== Your assignment ==
The lines from the one containing "this 1024×766 image." through the final line of the data below must be written out exactly, both included, and nothing more.

== Data shown ==
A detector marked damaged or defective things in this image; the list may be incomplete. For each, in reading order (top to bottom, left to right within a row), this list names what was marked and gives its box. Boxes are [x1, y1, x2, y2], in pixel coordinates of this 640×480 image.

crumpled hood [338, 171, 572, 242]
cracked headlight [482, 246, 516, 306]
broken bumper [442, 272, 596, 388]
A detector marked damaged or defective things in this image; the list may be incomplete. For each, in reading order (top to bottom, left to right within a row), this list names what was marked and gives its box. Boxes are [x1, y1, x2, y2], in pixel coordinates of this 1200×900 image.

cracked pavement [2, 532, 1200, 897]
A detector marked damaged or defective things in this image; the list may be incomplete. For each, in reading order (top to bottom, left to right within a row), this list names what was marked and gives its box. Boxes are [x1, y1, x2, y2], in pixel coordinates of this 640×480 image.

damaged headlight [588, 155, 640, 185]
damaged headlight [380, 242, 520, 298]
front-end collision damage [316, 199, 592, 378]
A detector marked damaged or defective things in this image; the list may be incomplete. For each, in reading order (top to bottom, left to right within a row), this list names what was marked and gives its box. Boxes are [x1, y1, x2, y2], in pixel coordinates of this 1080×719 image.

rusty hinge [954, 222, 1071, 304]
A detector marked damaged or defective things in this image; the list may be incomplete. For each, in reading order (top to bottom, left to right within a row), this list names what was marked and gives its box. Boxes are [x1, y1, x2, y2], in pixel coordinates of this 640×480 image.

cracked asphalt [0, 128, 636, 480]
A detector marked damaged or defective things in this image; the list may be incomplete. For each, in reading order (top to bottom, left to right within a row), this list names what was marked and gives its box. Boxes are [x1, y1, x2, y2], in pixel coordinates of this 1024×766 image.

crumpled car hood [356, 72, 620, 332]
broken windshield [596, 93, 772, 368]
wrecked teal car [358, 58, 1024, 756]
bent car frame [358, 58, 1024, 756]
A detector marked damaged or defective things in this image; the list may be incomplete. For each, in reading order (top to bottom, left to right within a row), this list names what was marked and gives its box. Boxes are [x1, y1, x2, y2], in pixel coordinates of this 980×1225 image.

== Completed exercise ==
A detector marked damaged or defective things in this image; the list may be incomplete. For each, in reading order (top to bottom, left to right within a row), this list names what was marked and gives its box. Boxes are [x1, y1, x2, y2], in pixel coordinates of this 1024×766 image.

crumpled car hood [356, 72, 620, 332]
broken windshield [596, 93, 772, 368]
wrecked teal car [358, 58, 1024, 756]
bent car frame [358, 58, 1024, 756]
A detector marked damaged or defective things in this image; the list may be incomplete. For each, in reading order (top to bottom, left to right within a row), this list names what was marked and gives its box. Boxes are [x1, y1, x2, y2], in pixel coordinates of this 980×1225 image.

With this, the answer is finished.